The fastest convolutions in Theano with meta-optimization

Reading time ~13 minutes

Guest post: Jan Schlüter from the OFAI, a fellow MIR researcher I have met at several conferences, recently added a feature to Theano that fits so well with my previous two posts on fast convolutions that we decided to include his writeup on my blog. So enjoy the third part of the series, written by Jan!

Over the past year, Theano has accumulated several alternative implementations for 2D convolution, the most costly operation in Convolutional Neural Networks. There is no single implementation that is the fastest for all possible image and kernel shapes, but with Theano you can mix and match them at will. Now mixing and matching is something that can be easily automated: Meet meta-optimization!

The idea is to automatically select the fastest available implementation for each individual convolution operation in a Theano function, simply by timing them. The feature is already available in Theano: If you install the latest version from github, you can activate it by setting the environment variable THEANO_FLAGS=optimizer_including=conv_meta,metaopt.verbose=1.

In the following, I will explain what it does, how it works, and demonstrate that it can outperform all existing convnet libraries.

Batched convolution

Before we begin, note that the convolution operation in Convolutional Neural Networks (CNNs) as used for Computer Vision is not just a convolution of a single 2D input image with a single 2D filter kernel. For one, the input image can have multiple channels, such as a color image composed of three values per pixel. It can thus be expressed as a 3D tensor. To match this, the filter kernel has as many values per pixel as the input image, which makes it a 3D tensor as well. When computing the output, each channel is convolved separately with its corresponding kernel, and the resulting images are added up to produce a single 2D output image. But usually, each convolutional layer returns a multi-channel output (a 3D tensor), which is achieved by learning multiple sets of kernels (a 4D tensor). Finally, images are often propagated through the network in mini-batches of maybe 64 or 256 items to be processed independently, so the input and output become 4D tensors.
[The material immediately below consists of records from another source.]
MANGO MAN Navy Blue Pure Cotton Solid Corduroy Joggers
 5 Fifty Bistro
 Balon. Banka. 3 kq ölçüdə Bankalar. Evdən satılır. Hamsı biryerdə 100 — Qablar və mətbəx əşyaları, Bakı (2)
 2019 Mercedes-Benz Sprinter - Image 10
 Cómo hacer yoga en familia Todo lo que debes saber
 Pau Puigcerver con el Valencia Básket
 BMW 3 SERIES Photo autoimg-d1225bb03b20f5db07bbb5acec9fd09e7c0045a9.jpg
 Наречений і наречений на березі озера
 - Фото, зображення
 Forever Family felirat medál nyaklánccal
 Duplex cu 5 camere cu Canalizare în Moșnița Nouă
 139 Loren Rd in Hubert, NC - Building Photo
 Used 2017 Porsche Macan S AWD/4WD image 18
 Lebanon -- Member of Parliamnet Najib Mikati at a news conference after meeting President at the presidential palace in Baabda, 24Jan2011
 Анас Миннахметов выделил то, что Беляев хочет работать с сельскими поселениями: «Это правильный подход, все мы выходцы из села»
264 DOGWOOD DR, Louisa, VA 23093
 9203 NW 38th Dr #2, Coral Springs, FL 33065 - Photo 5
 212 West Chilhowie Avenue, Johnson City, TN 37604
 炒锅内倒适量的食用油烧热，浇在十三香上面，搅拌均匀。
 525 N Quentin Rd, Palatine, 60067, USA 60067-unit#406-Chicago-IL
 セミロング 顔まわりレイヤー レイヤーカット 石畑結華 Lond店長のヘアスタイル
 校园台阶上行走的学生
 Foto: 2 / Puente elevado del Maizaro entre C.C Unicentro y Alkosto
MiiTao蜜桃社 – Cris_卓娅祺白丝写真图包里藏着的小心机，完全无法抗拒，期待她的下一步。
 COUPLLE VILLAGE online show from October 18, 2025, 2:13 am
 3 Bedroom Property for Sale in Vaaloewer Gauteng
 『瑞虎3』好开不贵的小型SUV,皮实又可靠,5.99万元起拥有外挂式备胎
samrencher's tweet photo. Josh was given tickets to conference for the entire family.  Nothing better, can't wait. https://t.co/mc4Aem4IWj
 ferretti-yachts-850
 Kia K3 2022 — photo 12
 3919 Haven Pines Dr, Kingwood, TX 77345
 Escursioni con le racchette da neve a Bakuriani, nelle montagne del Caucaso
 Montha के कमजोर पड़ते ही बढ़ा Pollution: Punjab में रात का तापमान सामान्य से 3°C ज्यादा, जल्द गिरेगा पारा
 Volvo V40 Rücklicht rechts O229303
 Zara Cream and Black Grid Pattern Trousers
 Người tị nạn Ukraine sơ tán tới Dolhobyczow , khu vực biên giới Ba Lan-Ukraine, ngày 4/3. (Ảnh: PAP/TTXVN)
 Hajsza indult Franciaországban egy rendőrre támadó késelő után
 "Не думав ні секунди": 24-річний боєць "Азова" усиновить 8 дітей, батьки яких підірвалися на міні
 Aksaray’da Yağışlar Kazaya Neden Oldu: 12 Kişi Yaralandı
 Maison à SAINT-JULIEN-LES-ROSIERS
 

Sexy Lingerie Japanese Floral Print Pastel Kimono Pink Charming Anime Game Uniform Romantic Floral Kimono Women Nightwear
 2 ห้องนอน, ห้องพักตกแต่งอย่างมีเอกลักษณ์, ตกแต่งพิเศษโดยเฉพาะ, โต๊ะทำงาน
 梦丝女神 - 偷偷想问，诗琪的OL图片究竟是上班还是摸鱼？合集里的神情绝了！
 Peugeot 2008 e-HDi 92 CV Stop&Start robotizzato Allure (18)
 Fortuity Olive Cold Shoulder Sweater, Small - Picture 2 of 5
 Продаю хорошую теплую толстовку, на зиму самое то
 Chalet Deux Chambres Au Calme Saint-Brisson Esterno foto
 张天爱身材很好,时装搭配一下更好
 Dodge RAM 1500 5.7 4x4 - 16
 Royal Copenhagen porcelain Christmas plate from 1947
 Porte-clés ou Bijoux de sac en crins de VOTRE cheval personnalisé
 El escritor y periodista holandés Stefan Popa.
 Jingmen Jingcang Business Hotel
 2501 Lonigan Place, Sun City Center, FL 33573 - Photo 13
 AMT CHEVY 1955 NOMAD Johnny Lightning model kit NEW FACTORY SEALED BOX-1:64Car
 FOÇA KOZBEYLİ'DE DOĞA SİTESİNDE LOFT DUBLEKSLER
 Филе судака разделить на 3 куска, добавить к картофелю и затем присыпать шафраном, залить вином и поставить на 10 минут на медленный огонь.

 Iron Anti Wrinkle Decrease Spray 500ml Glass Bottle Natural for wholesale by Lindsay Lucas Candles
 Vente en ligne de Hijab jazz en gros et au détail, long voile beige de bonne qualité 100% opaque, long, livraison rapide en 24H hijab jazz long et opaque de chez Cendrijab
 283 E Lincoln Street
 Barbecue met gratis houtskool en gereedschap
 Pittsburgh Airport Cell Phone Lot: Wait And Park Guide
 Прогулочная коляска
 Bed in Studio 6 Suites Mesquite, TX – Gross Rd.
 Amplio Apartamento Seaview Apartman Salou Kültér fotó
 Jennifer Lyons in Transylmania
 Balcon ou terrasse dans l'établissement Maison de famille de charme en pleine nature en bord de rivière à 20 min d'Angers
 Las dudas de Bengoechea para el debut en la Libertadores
Putting everything together, the batched convolution operation convolves a 4D input tensor with a 4D kernel tensor to produce a 4D output tensor. Obviously, this gives ample of opportunities for parallelization. Add to this the different possible ways of computing a 2D convolution, and you can see why there are so many competing implementations.

The repertoire

As an actively maintained open-source project with several external contributors, Theano has grown to have access to five convolution implementations:

All of these have their strengths and weaknesses. cuda-convnet only supports square kernels and places several restrictions on the number of input and output channels and the batch size. The FFT-based based convolution is applicable to any configuration, but requires a lot of extra memory that practically limits it to small batch and image sizes or very potent graphics cards. cuDNN requires a GPU of Compute Capability 3.0 or above, and the convolution ported from Caffe needs some extra memory again. Finally, the legacy implementation comes free of limitations, but is usually the slowest of the pack.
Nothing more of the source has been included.